Exact copy, no pictures: repeat the data that follows.

════════════════════

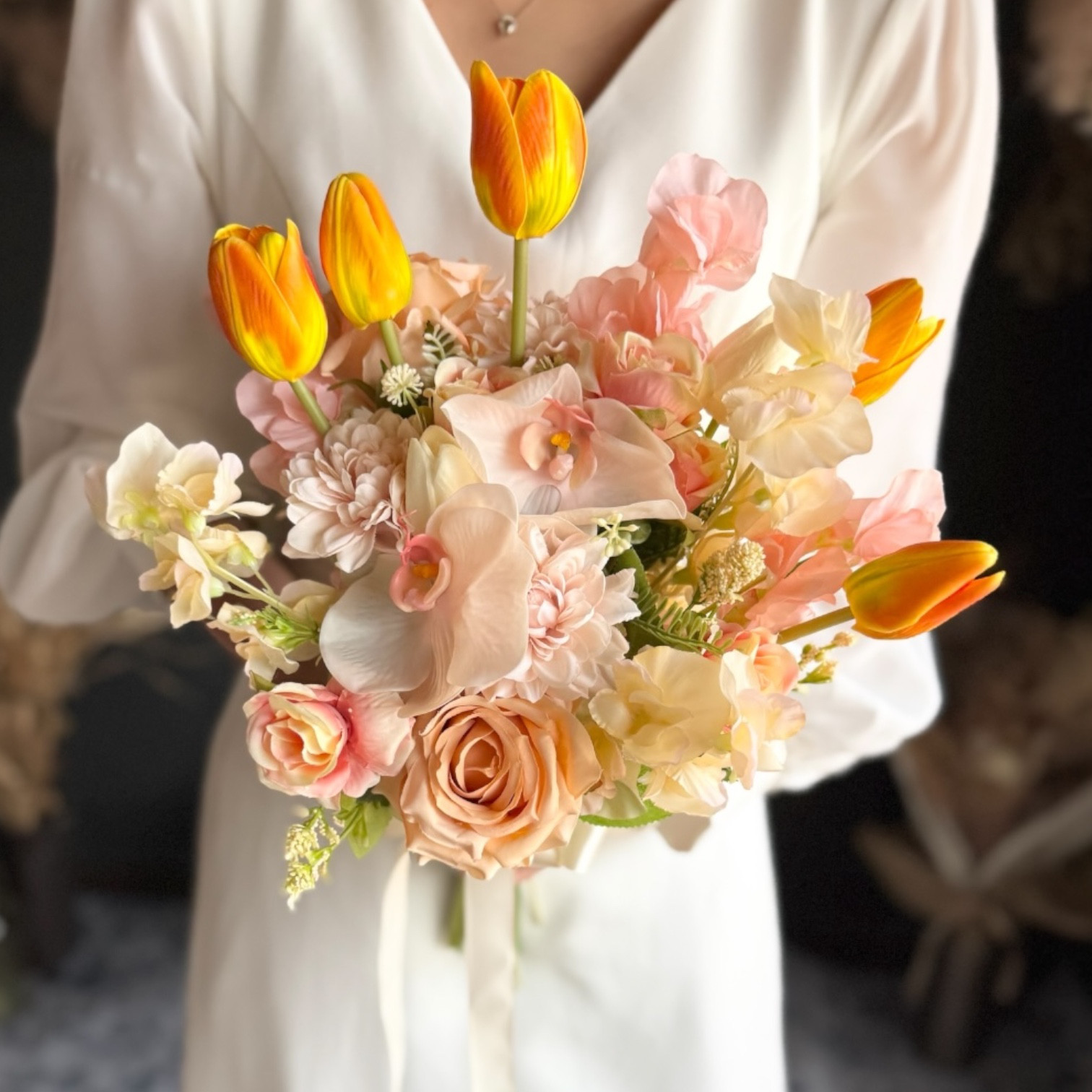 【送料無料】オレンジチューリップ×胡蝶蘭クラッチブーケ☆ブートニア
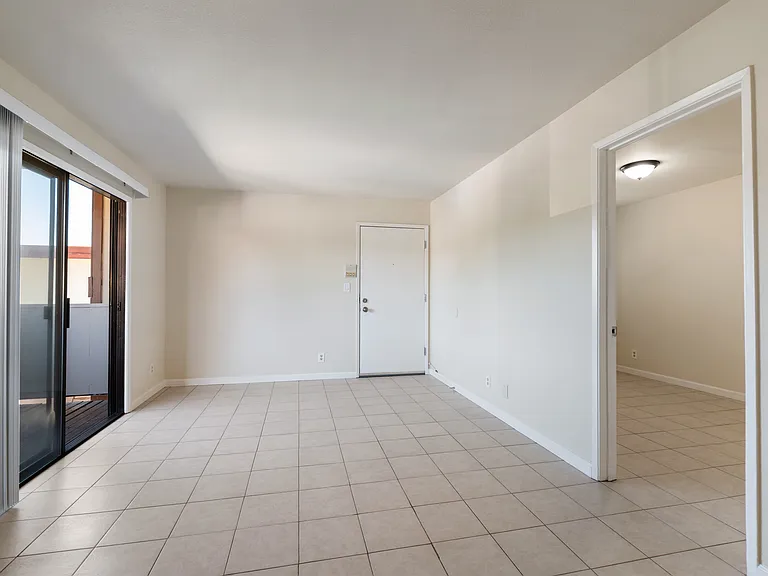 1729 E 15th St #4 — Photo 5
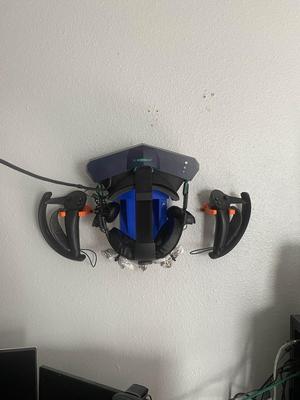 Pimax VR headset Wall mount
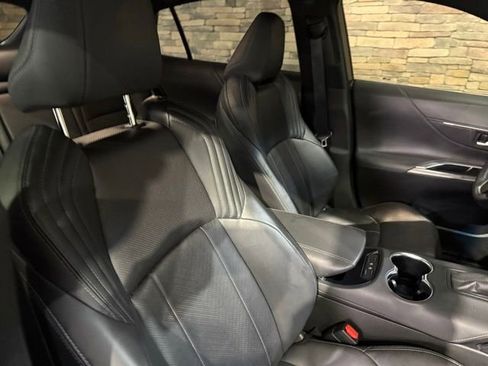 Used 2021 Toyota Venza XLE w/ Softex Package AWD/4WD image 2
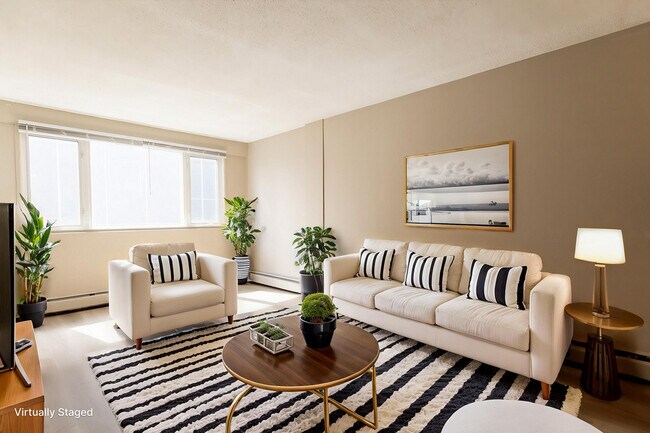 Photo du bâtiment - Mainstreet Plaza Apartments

════════════════════

## [Answer to the exercise]
 【送料無料】オレンジチューリップ×胡蝶蘭クラッチブーケ☆ブートニア
 1729 E 15th St #4 — Photo 5
 Pimax VR headset Wall mount
 Used 2021 Toyota Venza XLE w/ Softex Package AWD/4WD image 2
 Photo du bâtiment - Mainstreet Plaza Apartments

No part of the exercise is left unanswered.